§ Dataset extract
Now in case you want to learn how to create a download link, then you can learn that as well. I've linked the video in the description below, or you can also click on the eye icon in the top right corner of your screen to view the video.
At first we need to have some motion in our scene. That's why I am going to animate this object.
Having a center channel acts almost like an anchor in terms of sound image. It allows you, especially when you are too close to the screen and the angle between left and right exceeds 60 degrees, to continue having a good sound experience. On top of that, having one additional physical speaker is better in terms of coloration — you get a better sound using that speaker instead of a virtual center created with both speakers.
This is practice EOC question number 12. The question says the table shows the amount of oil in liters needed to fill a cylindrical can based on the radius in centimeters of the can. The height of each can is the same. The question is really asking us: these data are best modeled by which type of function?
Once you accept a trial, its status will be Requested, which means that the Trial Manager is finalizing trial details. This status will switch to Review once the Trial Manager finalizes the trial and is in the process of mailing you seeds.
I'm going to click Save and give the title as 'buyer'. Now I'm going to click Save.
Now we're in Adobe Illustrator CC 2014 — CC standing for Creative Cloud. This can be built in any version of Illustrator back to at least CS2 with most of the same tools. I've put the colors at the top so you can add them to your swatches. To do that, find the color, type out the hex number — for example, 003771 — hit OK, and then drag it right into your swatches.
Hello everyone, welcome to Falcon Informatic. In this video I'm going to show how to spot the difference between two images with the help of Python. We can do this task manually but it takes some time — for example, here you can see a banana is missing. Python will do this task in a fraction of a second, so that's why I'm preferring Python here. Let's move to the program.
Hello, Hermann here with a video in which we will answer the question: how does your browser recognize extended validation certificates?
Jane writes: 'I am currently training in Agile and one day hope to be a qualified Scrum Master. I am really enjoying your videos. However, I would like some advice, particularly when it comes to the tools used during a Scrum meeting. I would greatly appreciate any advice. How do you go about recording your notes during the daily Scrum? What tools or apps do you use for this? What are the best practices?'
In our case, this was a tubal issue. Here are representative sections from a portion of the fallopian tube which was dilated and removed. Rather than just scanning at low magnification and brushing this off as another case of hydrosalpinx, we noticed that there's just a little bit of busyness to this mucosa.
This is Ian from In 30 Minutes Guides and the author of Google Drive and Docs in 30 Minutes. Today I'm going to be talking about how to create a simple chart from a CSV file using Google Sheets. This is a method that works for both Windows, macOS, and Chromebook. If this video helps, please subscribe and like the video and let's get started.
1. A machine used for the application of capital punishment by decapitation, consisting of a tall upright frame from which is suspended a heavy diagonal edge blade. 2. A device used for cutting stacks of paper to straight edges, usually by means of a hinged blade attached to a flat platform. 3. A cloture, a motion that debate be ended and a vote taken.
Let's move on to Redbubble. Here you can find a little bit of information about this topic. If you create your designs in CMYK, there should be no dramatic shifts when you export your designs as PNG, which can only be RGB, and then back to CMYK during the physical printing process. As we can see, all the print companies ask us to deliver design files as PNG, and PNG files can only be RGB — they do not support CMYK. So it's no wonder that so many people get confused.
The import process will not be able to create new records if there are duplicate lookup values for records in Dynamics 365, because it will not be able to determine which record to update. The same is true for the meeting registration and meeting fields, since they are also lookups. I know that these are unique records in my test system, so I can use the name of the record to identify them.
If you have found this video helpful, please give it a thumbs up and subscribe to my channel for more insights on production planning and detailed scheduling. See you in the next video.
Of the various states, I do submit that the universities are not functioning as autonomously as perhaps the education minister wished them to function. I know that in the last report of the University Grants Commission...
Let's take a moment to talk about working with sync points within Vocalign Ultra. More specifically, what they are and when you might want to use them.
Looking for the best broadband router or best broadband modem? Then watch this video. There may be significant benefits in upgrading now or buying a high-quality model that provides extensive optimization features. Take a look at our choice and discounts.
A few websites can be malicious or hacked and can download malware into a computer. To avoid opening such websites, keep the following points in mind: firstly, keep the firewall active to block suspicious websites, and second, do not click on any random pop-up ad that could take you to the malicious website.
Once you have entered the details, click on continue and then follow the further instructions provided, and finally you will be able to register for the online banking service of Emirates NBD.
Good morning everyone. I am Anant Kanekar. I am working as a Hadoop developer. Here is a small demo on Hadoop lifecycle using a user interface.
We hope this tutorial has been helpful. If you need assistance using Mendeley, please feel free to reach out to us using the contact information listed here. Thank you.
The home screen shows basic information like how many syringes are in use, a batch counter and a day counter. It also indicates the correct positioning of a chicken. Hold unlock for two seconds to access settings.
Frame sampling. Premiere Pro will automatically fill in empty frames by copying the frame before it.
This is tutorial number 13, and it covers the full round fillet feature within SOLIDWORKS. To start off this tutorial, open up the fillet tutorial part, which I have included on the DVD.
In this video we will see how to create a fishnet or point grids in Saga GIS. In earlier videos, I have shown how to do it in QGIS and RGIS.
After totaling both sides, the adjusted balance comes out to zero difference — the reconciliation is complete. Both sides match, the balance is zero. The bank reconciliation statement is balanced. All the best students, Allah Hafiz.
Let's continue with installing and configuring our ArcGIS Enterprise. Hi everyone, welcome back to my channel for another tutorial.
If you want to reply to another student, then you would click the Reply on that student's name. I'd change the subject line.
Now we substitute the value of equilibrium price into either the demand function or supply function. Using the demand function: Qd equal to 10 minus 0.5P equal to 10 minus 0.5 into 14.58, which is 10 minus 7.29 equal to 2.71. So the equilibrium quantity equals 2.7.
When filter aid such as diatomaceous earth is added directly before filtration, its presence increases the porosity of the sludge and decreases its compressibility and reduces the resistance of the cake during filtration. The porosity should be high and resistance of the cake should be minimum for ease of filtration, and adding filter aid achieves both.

§ Aim of the task
Write the opening line of the data above and every line after it, exactly, stopping once you have written the line with "Hello everyone, welcome".

§ Your response
Now in case you want to learn how to create a download link, then you can learn that as well. I've linked the video in the description below, or you can also click on the eye icon in the top right corner of your screen to view the video.
At first we need to have some motion in our scene. That's why I am going to animate this object.
Having a center channel acts almost like an anchor in terms of sound image. It allows you, especially when you are too close to the screen and the angle between left and right exceeds 60 degrees, to continue having a good sound experience. On top of that, having one additional physical speaker is better in terms of coloration — you get a better sound using that speaker instead of a virtual center created with both speakers.
This is practice EOC question number 12. The question says the table shows the amount of oil in liters needed to fill a cylindrical can based on the radius in centimeters of the can. The height of each can is the same. The question is really asking us: these data are best modeled by which type of function?
Once you accept a trial, its status will be Requested, which means that the Trial Manager is finalizing trial details. This status will switch to Review once the Trial Manager finalizes the trial and is in the process of mailing you seeds.
I'm going to click Save and give the title as 'buyer'. Now I'm going to click Save.
Now we're in Adobe Illustrator CC 2014 — CC standing for Creative Cloud. This can be built in any version of Illustrator back to at least CS2 with most of the same tools. I've put the colors at the top so you can add them to your swatches. To do that, find the color, type out the hex number — for example, 003771 — hit OK, and then drag it right into your swatches.
Hello everyone, welcome to Falcon Informatic. In this video I'm going to show how to spot the difference between two images with the help of Python. We can do this task manually but it takes some time — for example, here you can see a banana is missing. Python will do this task in a fraction of a second, so that's why I'm preferring Python here. Let's move to the program.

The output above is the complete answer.